In our study, diabetic rats underwent 8-week APS treatment. The latency to find the platform was significantly shortened after the treatment. Meanwhile, serum FPG and HbA1c levels were remarkably decreased. These data implicate that glucose metabolism is altered after a treatment with APS. APS also decreased the insulin level, indicating the influence of APS on insulin resistance. In addition, we measured the hippocampal MDA and SOD levels. MDA is an important biomarker of lipid metabolism.29 The decrease of MDA after the APS treatment indicated that the regulation of the lipid metabolism of the experimental animals was improved after the APS treatment. SOD is a marker of antioxidative ability.30 The increase in SOD concentrations revealed that the antioxidative ability was increased after the application of APS.

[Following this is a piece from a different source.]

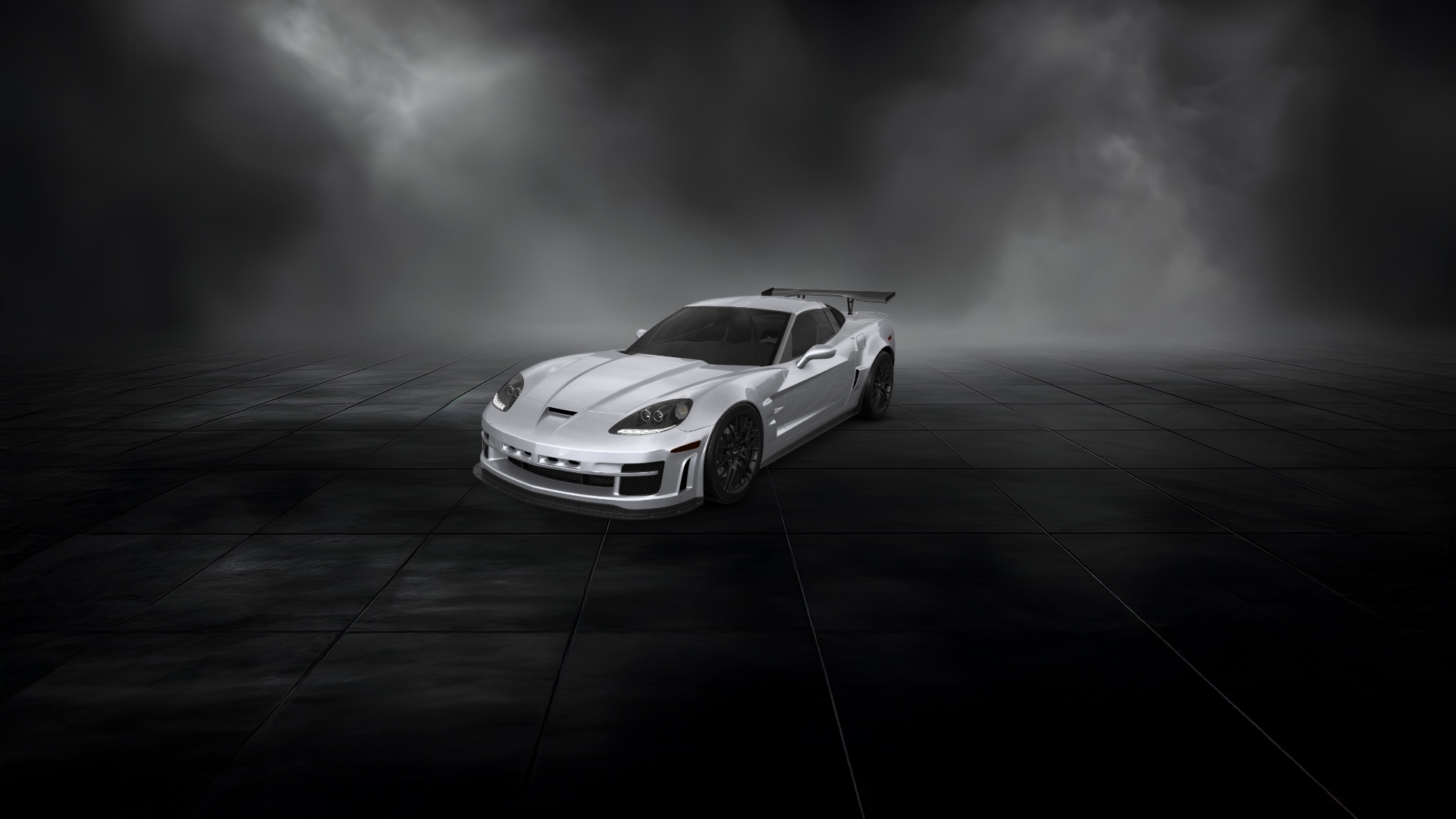 Chevrolet Corvette 2 Door Coupe 2004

We explored the impact of APS treatment on the recovery of memory and its underlying mechanisms. However, there are a large number of other bioactive components present in the herb. More clinical studies are required to classify the active components involved in the neuroprotective activities of A. membranaceus in diabetes.

Conclusion

Through this study, we provide evidence that APS are important active components responsible for the improvement of memory impairment caused by diabetes. The potential mechanism of action is associated with the effects of APS on glucose and lipid metabolism, their antioxidative properties, and influence on insulin resistance. APS are potential candidate therapeutic agents for the treatment of memory deficit in diabetes.